The rhodacyanine dye MKT-077 (formerly known as FJ-776) is a water-soluble delocalized lipophilic cationic dye. It can pass through the hydrophobic barriers of membrane lipid bilayers because of its positive charge and is retained inside mitochondria, which carry a high negative charge. Because cancer cells have a higher mitochondrial membrane potential than normal cells, MKT-077 is preferentially retained in cancer cell mitochondria and is far more toxic to them than to normal cells (1, 2, 3, 4). This selective toxicity for cancer cells has led to the use of MKT-077 in preclinical and clinical cancer therapeutic trials (5, 6). However, the molecular mechanism(s) of MKT-077-induced growth arrest have not been completely understood. Some effects of MKT-077 include reversible impairment of mitochondrial function (1), cross-linking of actin filaments (7), inactivation of telomerase (8), and abrogation of p53-mortalin (hmot-2) interactions leading to reactivation of wild-type p53 function (9). In the present study, we subjected a variety of transformed human cells to MKT-077 and found that most of them were sensitive to this compound, although to a variable extent. MKT-077 inhibited in vitro, but not in vivo, telomerase activity did not cause telomere shortening and was toxic to cells lacking telomerase. Therefore, we suggest that the in vivo toxicity of MKT-077 in cancer cells is not mediated, at least primarily, by its effect on telomerase.

Cell Culture and MKT-077 Treatment.

Cells were cultured in DMEM supplemented with 10% fetal bovine serum. MKT-077 [1-ethyl-2-{[3-ethyl-5-(3-methylbenzothiazolin-2-ylidene)]-4-oxothiazolidin-2-ylidenemethyl}] pyridinium chloride or its analogue FJ5002 was added to the culture medium for the time periods indicated in each experiment.

TRAP2 Assay.

The PCR-based TRAP assay for telomerase activity was used as described (10). Cell lysates were prepared using the 3-[(3-cholamidopropyl)dimethylammonio]-1-propanesulfonic acid detergent lysis method. The protein concentration of the lysates was measured using the Bio-Rad Protein Assay kit. PCR amplification products were separated on a 10% nondenaturing polyacrylamide gel. Quantitative TRAP assays were performed using Telomerase PCR ELISA as described in manufacturer instructions (Roche). All of the lysates were examined in triplicates.

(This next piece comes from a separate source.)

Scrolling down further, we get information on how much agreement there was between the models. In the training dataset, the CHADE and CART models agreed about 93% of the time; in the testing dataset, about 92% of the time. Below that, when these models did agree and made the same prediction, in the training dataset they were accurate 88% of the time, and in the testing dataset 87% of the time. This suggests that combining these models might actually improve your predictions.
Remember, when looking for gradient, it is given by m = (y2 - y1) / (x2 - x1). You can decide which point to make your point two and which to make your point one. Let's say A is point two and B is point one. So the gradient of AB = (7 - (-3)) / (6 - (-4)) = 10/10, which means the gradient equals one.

Lysis buffer, an ALT cell line, and heat-treated lysate from a telomerase-positive cell line were used as negative controls.

Terminal Restriction Fragment Gels.

Genomic DNA prepared from 70% confluent cultures was digested with restriction enzymes Hinf I and Rsa I. Digested DNA (0.6 μg, quantitated by fluorometry) was separated by either conventional (1% agarose gel in 0.5 × Tris-borate EDTA buffer) or pulsed-field electrophoresis (CHEF-DRII apparatus; Bio-Rad; with recirculating 0.5 × Tris-borate EDTA buffer at 14°C and a ramped pulse speed of 1–6 s at 200 V for 14 h). The gels were dried, denatured, hybridized to a [γ-32P]dATP 5′ end-labeled telomeric oligonucleotide probe (TTAGGG)3, and exposed to Kodak XAR film at room temperature for 18 h as described (11).

Immunoprecipitation.

Cell lysates (300 μg) were incubated with MKT-077 for 30 min followed by antimortalin antibody (12) for 90 min at 4°C with slow rotation. Mot-immunocomplexes were washed six times with NP40 lysis buffer [20 mm Tris (pH 7.5), 1 mm EDTA, 1 mm EGTA, 0.1 mm phenylmethylsulfonyl fluoride, 150 mm NaCl, and 1% NP40]. Immunocomplexes (1/5 by volume) and the supernatants (1/50 by volume) were analyzed by TRAP assay.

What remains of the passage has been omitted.